→ **Exercise brief**:
All that is needed is an exact copy of the lines from the beginning of the data below through the line containing "There is a shower", minus the pictures.

→ **Record set**:
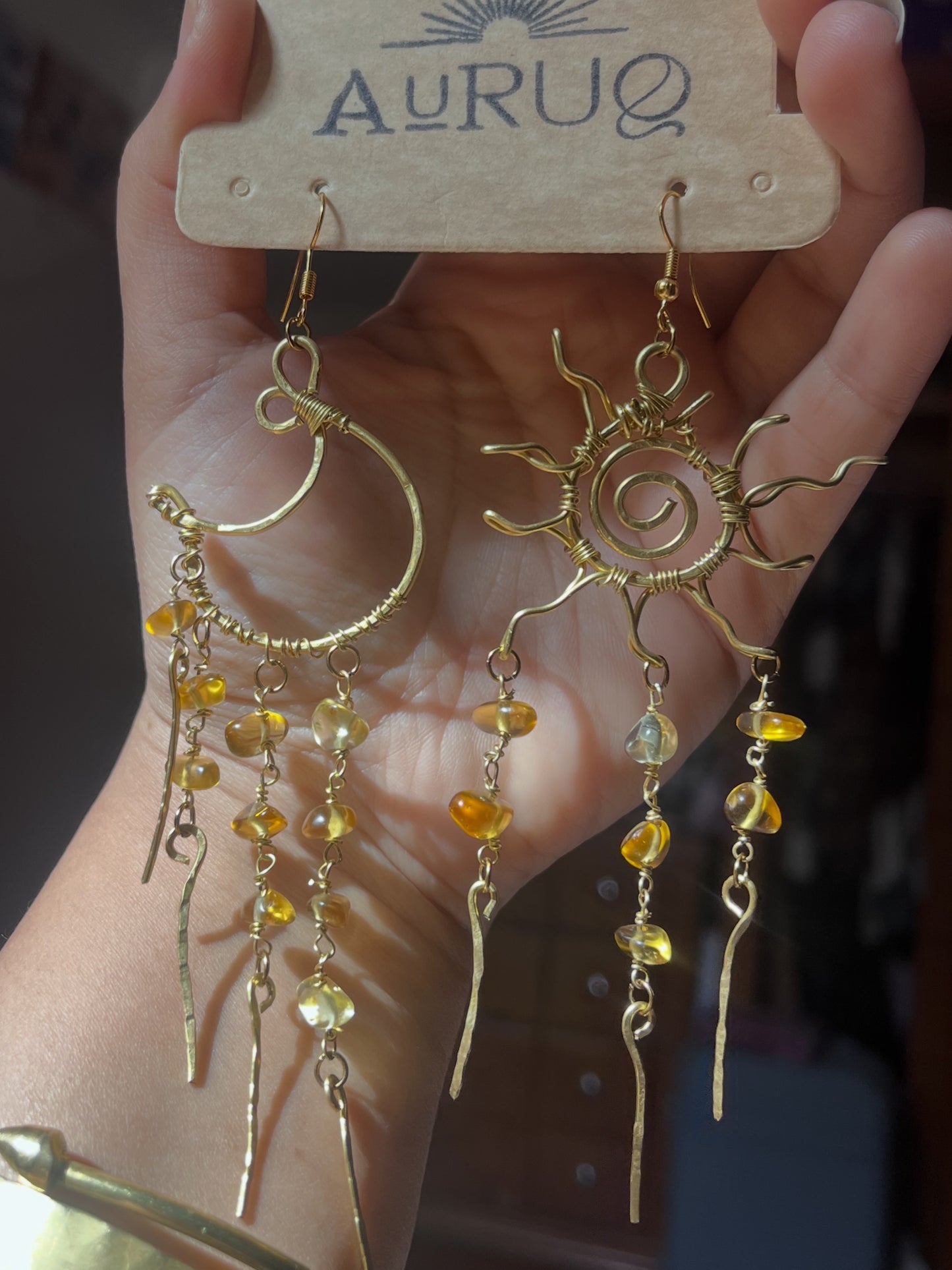 Chandelier sun and moon earrings.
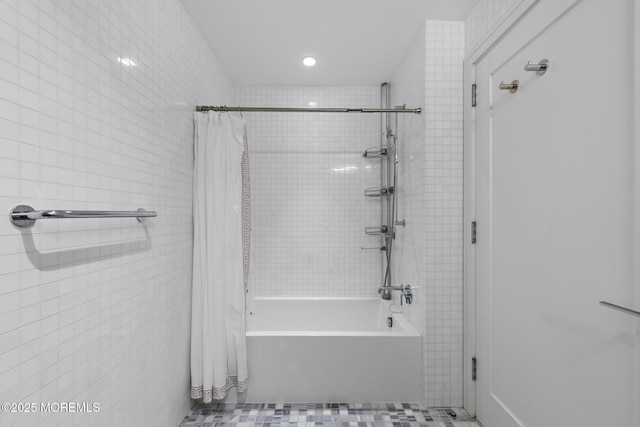 full bathroom with tile walls and shower / bath combo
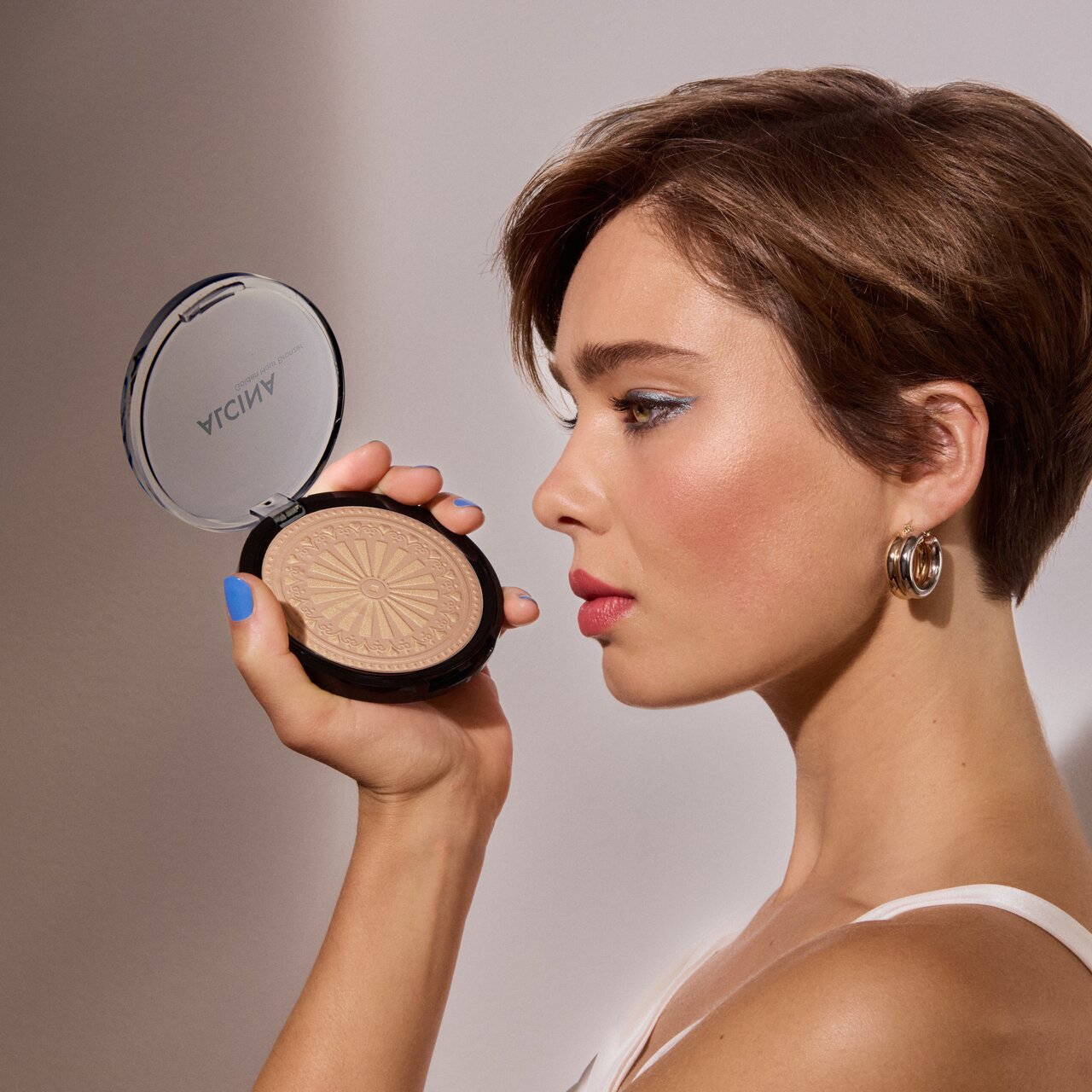 Frau mit kurzen Haaren hält einen goldfarbenen Bronzer in geöffneter Dose in der Hand als Sinnbild für den Make-up Trend 2026 Golden Hour Look 
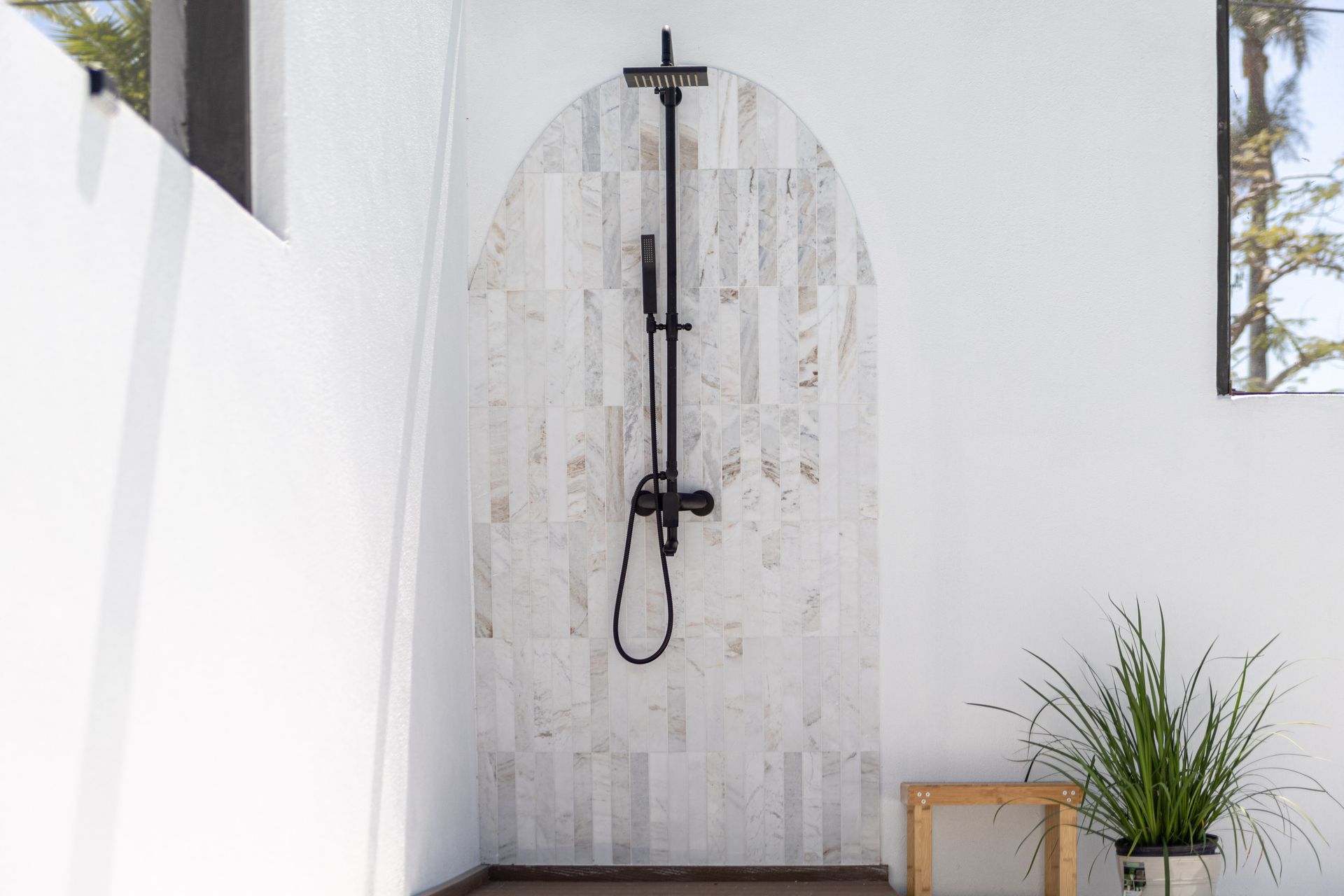 There is a shower with a black shower head hanging from the wall.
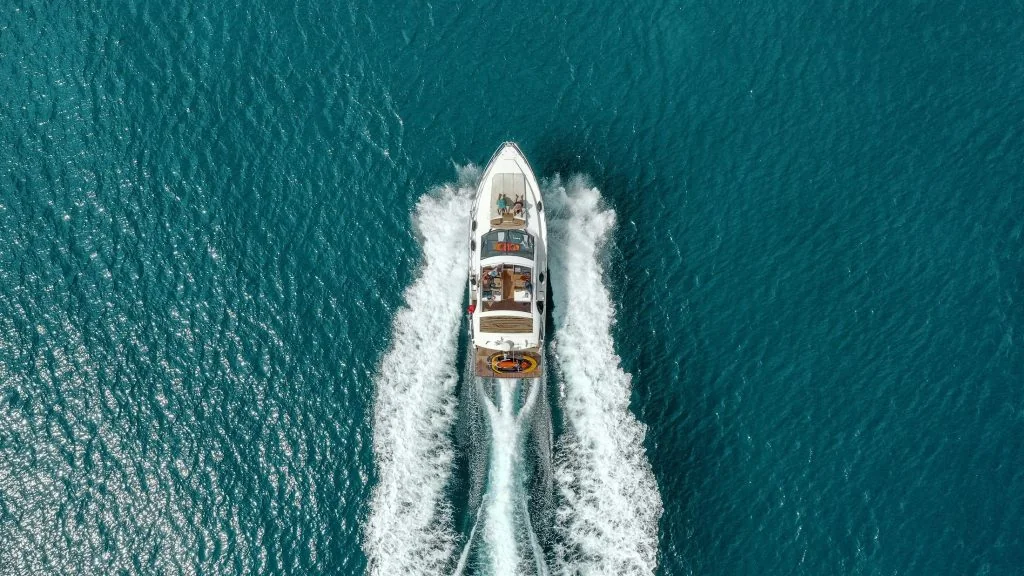 White motor yacht cruising off Mallorca with guests on the bow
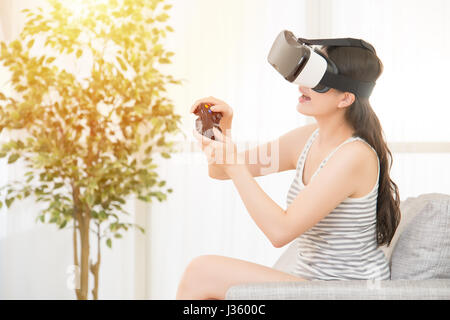 Glückliche Mädchen spielen Videospiele-virtual-Reality Brille in Wohnung. fröhliche Menschen, die Spaß mit neuen Trends-Technologie. Gemischte Rassen asiatischen ch Stockfoto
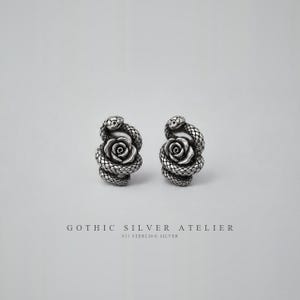 Könnte beinhalten: Ein Paar silberne Ohrstecker mit einer detaillierten Rose, die von einer gewundenen Schlange umschlungen wird. Das Metall hat ein oxidiertes Finish, um die texturierten Schuppen der Schlange und die Blütenblätter der Rose hervorzuheben. Der Text lautet GOTHIC SILVER ATELIER 925 STERLING SILVER.
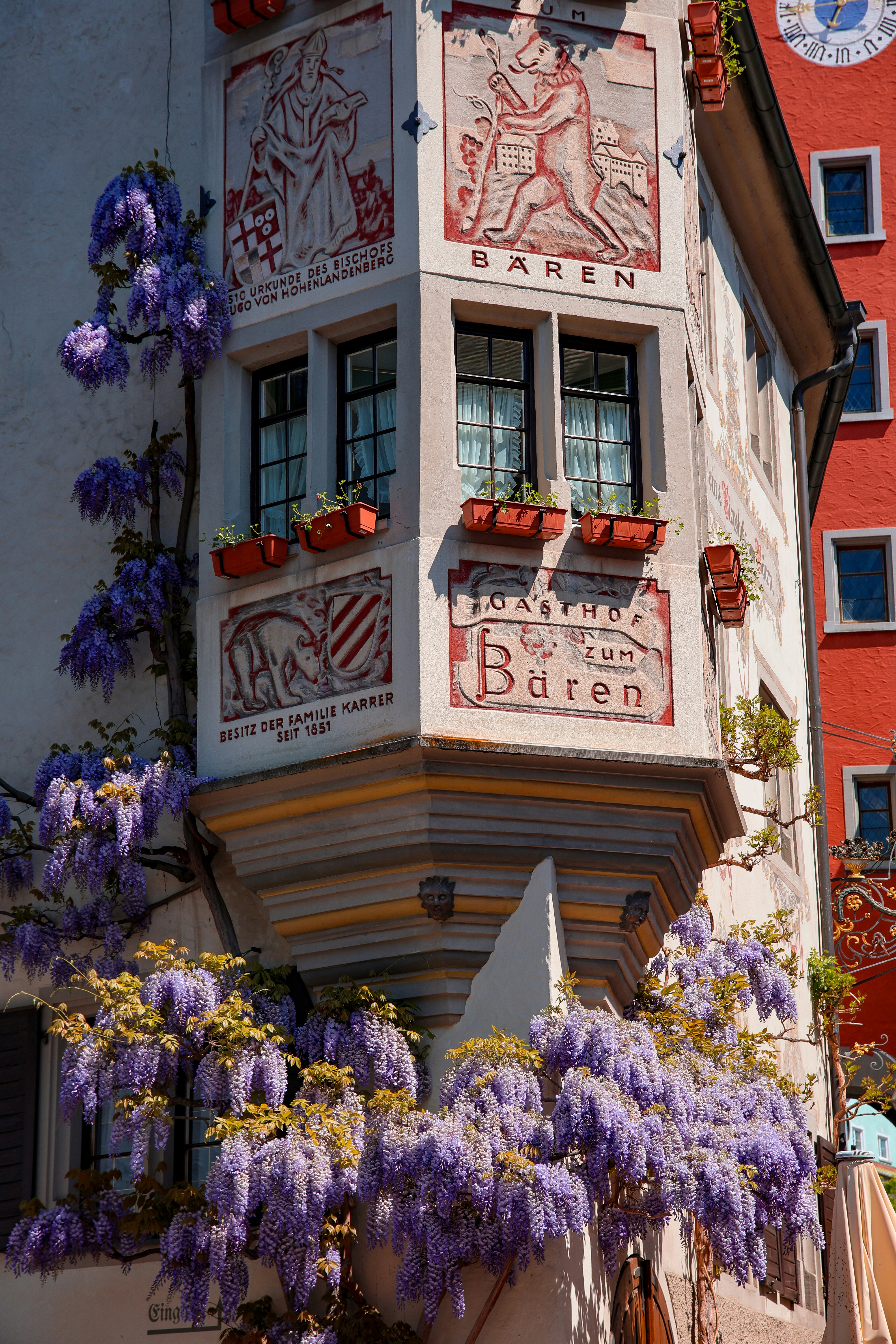 Beautiful building corner adorned with wisteria blooms.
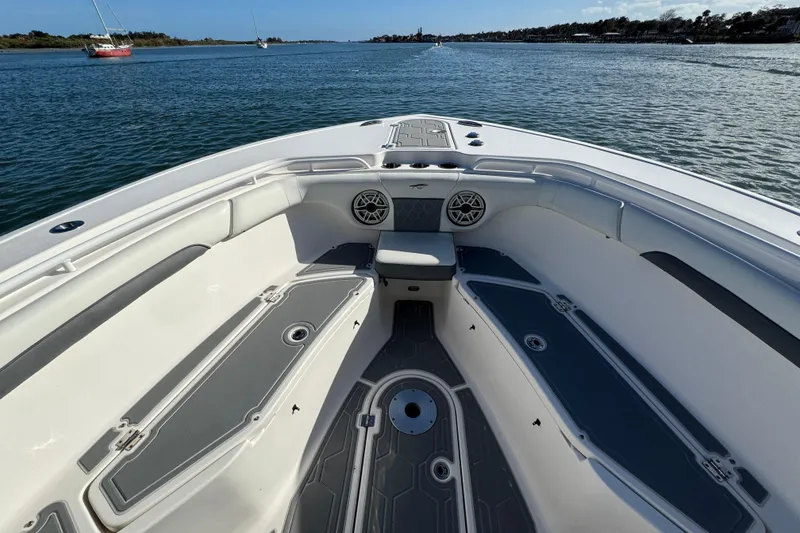 Slide: The Image of 2020 Tidewater 280 CC Adventure boat interior with seating and storage, on calm water. - 18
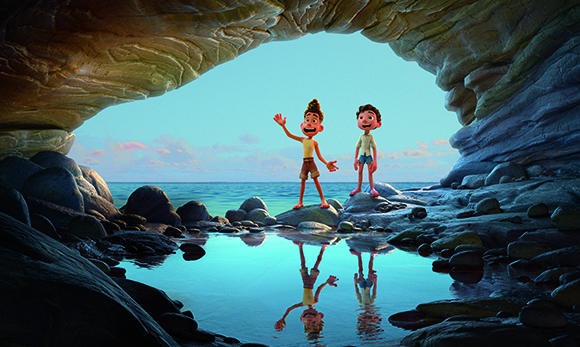 Two animated boys stand on rocks inside a sea cave, looking out at a calm blue ocean.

→ **Answer below**:
 Chandelier sun and moon earrings.
 full bathroom with tile walls and shower / bath combo
 Frau mit kurzen Haaren hält einen goldfarbenen Bronzer in geöffneter Dose in der Hand als Sinnbild für den Make-up Trend 2026 Golden Hour Look 
 There is a shower with a black shower head hanging from the wall.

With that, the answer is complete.